■ **WORK REQUEST**
The response should contain only the line with "Um jardim no" and every line after it to the end of the listing below, duplicated exactly; no picture belongs in it.

───── MATERIAL PROVIDED

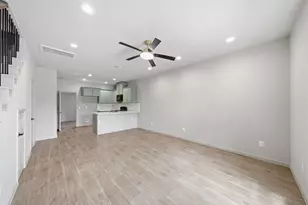 10214 Carmencita Way, Houston, TX 77075 - Photo 5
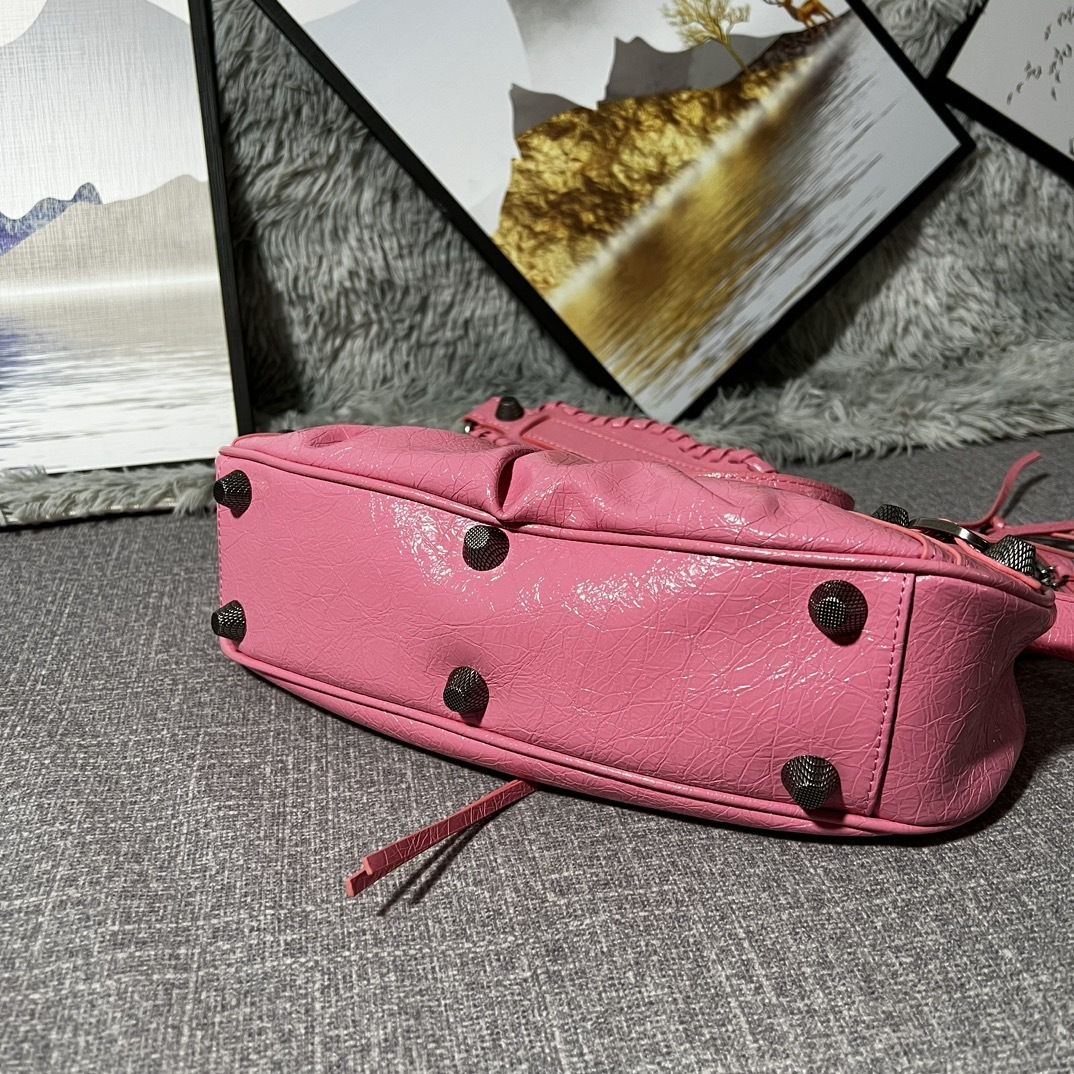Balenciaga BB04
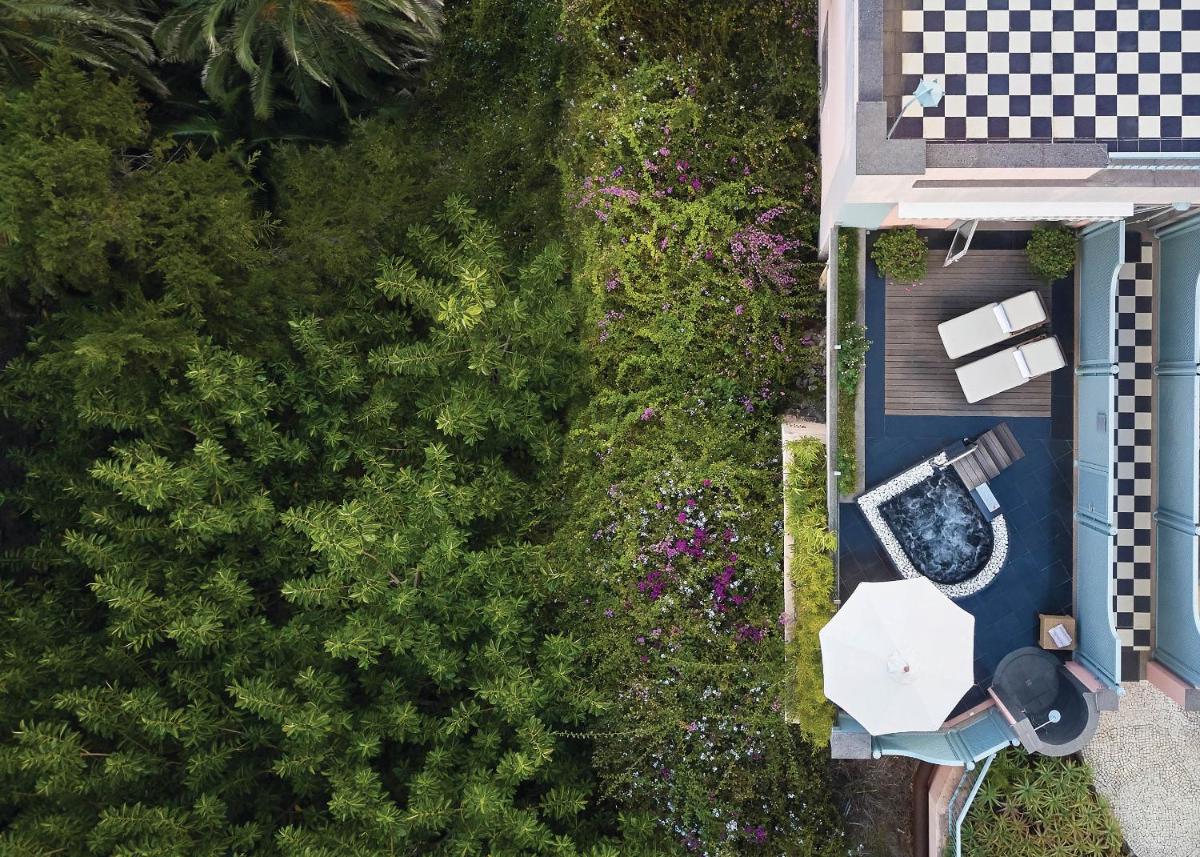 Um jardim no exterior de Reid's Palace, A Belmond Hotel, Madeira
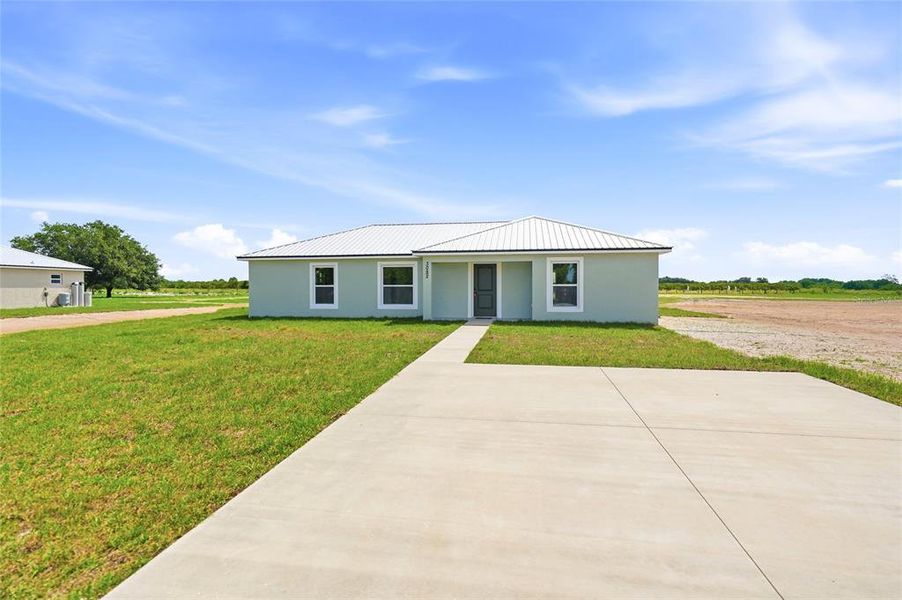 Exterior details and patio area of a home in , Arcadia (Image 29).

──────────

■ **REPLY TO THE TASK**
 Um jardim no exterior de Reid's Palace, A Belmond Hotel, Madeira
 Exterior details and patio area of a home in , Arcadia (Image 29).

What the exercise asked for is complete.